I come into a room of people, mostly ones I look up to in real life. I’m chewing gum. Someone asks me a question and I try to answer, but my mouth is full of gum. I try to spit it out but it sticks in my back teeth. I reach into my mouth to try and get it unstuck but there just seems to be a never ending amount of it.
I run into a friend of mine who asks how I’m doing. I talk about how busy I am. They then turn into someone from my high school and we are standing in the hallway. I realize that I am late for class. I walk in and discover that I have missed almost a whole semester of classes. There is little chance that I am going to catch up in time to avoid failing the class. I wonder how many other classes I’ve missed. A thought occurs to me, “didn’t I already do this? Aren’t I done with high school? In fact, I’m pretty sure I also did more schooling after high school and am done with that too.” I wake up.

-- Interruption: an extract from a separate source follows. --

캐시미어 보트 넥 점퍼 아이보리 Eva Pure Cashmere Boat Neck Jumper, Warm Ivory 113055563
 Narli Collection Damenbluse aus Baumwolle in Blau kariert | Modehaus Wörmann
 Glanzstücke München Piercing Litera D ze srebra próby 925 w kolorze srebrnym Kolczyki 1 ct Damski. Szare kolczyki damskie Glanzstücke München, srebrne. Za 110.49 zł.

Like most humans, I’ve been having dreams for much of my life. There are the usual ones, discovering that I forgot to get dressed before heading off to work or school. Being late, being chased, flying, etc. Throughout my life, dreams have held different meanings for me. As a child they were either weird, fun or scary. As a teen and young adult, my religious community looked at dreams as messages from God. Sometimes directed at the individual having them and sometimes as a message that person was supposed to give to others. When I lived in the North, I heard about dreams having other spiritual meanings and people spoke about dream walking – entering other peoples’ dreams. Later I came to understand dreaming as a part of my own mind and a way of examining my thoughts and fears through a more right brained, visual, sensory lens. Sleep is a time when my mental defences are down, things that I’ve avoided or not given time to process during the day come up.
Lately, I’ve been studying dream interpretation based on Freud, Jung and Gestalt and based on current models of psychotherapy.
As I’ve been reviewing my own dreams, I’ve found insight into issues I’ve been struggling with. Some have helped give me understand my own feelings about decisions I’ve had to make. In some dreams I’ve felt comforted by being able to see other aspects of myself and understand emotions that I’ve paid less attention to during the day.
Essentially I’ve felt like I’ve been able tp give attention and respect to the non-linear, non language based aspects of my brain and as a result felt like I’m starting to find more balance in my waking life. I’ve been more conscious of the symbolic. In religious terms I feel like I am feeding my soul by paying attention to my dreams and trying to understand them.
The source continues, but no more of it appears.